[HN Gopher] PyTorch is dead. Long live Jax
___________________________________________________________________
PyTorch is dead. Long live Jax
Author : lairv
Score : 73 points
Date : 2024-08-16 20:24 UTC (2 hours ago)
(HTM) web link (neel04.github.io)
(TXT) w3m dump (neel04.github.io)
| casualscience wrote:
| > Multi-backend is doomed
|
| Finally! Someone says it! This is why the C programming language
| will never have wide adoption. /s
| munchler wrote:
| This is such a hyperbolic headline it's hard to be interested in
| reading the actual article.
| crancher wrote:
| All blanket statements are false.
| semiinfinitely wrote:
| PyTorch is the javascript of ML. sadly "worse is better" software
| has better survival characteristics even when there is consensus
| that technology X is theoretically better
| bob020202 wrote:
| Nothing is even theoretically better than Javascript for its
| intended use cases, web frontends and backends. Mainly because
| it went all-in on event loop parallelism early-on, which isn't
| just for usability but also performance. And didn't go all-in
| on OOP unlike Java, and has easy imports/packages unlike
| Python. It has some quirks like the "0 trinity," but that
| doesn't really matter. No matter how good you are with
| something else, it still takes more dev time ($$$) than JS.
|
| Now it's been forever since I used PyTorch or TF, but I only
| remember TF 1.x being more like "why TF isn't this working." At
| some point I didn't blame myself, I blamed the tooling, which
| TF2 later admitted. It seemed like no matter how skilled I got
| with TF1, it'd always take much longer than developing with
| PyTorch, so I switched early.
| josephg wrote:
| You don't think its possible to (even theoretically) improve
| on javascript for its intended use case?
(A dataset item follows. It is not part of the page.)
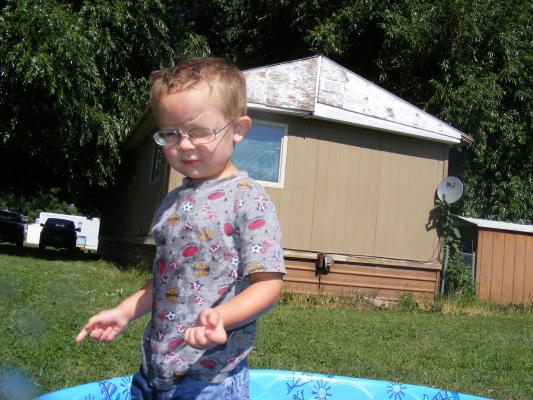 Noah plays in the kiddy pool.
What a terrific lack
| of imagination.
|
| Typescript and Elm would like a word
| bob020202 wrote:
| No, I said there's nothing that exists right now that's
| theoretically better. Typescript isn't. It'd be great if
| TS's type inference were smart enough that it basically
| takes no additional dev input vs JS, but until then, it's
| expensive to use. It's also bolted on awkwardly, but that's
| changing soon. Could also imagine JS getting some nice Py
| features like list comp.
|
| Also, generally when people complain that JS won the web,
| it's not because they prefer TS, it's cause they wanted to
| use something else and can't.
|
| Never used Elm, but... no variables, kinda like Erlang,
| which I've used. That has its appeal, but you're not going
| to find a consensus that this is better for web.
| dwattttt wrote:
| I see this a lot, and I want to find the right words for
| it: I don't want the types automatically determined for
| what I write, because I write mistakes.
|
| I want to write the type, and for that to reveal the
| mistake.
| bob020202 wrote:
| If you explicitly mark types at lower levels, or just use
| typed libs, it's not very easy to pass the wrong type
| somewhere and have it still accidentally work. The most
| automatic type inference I can think of today is in Rust,
| which is all about safety, or maybe C++ templates count
| too.
| sva_ wrote:
| I don't think the comparison is fair. Imo PyTorch has the
| cleanest abstractions, which is the reason it is so popular.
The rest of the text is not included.